Once pressure equalization has occurred, an upward force may be applied to coiled tubing 10, thereby exerting an upward force on intermediate sub 59 relative to pin sub 70. Once a selected upward force, e.g., 3400 pounds, has been applied to tubing 10, pins 75 will shear, enabling sleeve 54 to move upwardly relative to housing 64 (see FIG. 2). As sleeve 62 moves upward with sleeve 54 relative to lower sub 74, upper grooves 132 pass by poppet valve 76 and seals 138, allowing fluid to discharge from the packer through port 140 in housing 64. Simultaneously, a plurality of elongate lower grooves 142 in sleeve 62 provide a flow discharge path from packer 16 past seals 144. Fluid may thus be simultaneously discharged from the packer at locations both above and below the packer, causing the packer to deflate. Upward jarring movement of sleeve 62 relative to lower sub 74 is cushioned when shock absorbing sleeve 146 is compressed between the end of intermediate sub 59 and the stop surface 148 on housing 64.
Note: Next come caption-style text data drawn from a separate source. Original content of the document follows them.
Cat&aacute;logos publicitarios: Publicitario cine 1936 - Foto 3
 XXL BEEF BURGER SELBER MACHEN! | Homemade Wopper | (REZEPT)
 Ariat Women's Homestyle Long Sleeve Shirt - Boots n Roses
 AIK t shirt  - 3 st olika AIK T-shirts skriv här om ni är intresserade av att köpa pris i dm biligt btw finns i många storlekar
During the packer retrieval operation, it is possible for the packer or equipment connected therewith to become "hung up" or "caught", so that the removal operation cannot proceed. This "hang up" condition may be due to to a lower component in the assembly below pilot sub, such as the packer, catching on a component in the well. In either event, it is undesirable to exert an upward force on the coiled tubing 10 beyond the recommended force for the coiled tubing, since the tubing may break at a location above the top sub 20, creating a major problem for the subsequent removal of the packer actuator assembly and the packer. According to the present invention, methods and apparatus are provided for enabling subassembly 12 to be disconnected from subassembly 14 when such a hang up condition occurs.

If the assembly shown in FIG. 1 cannot be freed with the maximum recommended axial force on tubing 10, another ball 151 (see FIG. 3) may be dropped from the surface through the coiled tubing 10 and seat on ball seat 58 of upper sub 46. Thereafter, fluid may be injected through the coiled tubing, causing fluid to pass through gap 152 between upper sub 46 and top sub 20. Fluid passes by the collet fingers 30, and a pressure increase in passageway 153 acts on top surface 36 of piston 34 until a selected fluid pressure, e.g., 1075 p.s.i., is obtained, causing pin 60 to shear and forcing piston 34 downwardly against stop surface 154 (see FIG. 3). Since fluid pressure beneath seat 58 is lower than the pressure above ball 151, the downward movement of piston 34 expels fluid beneath the piston through passageway 156. Once the piston 34 has moved downward, collet fingers 30 are free to move radially outwardly relative to upper sub 46 (see FIG. 3), so that upper pilot sub 28 may become disconnected from upper sub 46. Once the piston has moved downward, the coiled tubing 10 with subassembly 12 may be pulled to the surface, exposing fishing neck portion 56 of upper sub 46 for engagement with a conventional fishing tool. Using a conventional fishing tool and a wireline (not shown), the fishing tool may grasp the special fishing neck portion 56 of upper sub 46, and a substantial upward and/or rotational force exerted on upper sub 56 through the wireline to free the hang up and enable the remaining apparatus, including the packer, to pass through the production tubing 8.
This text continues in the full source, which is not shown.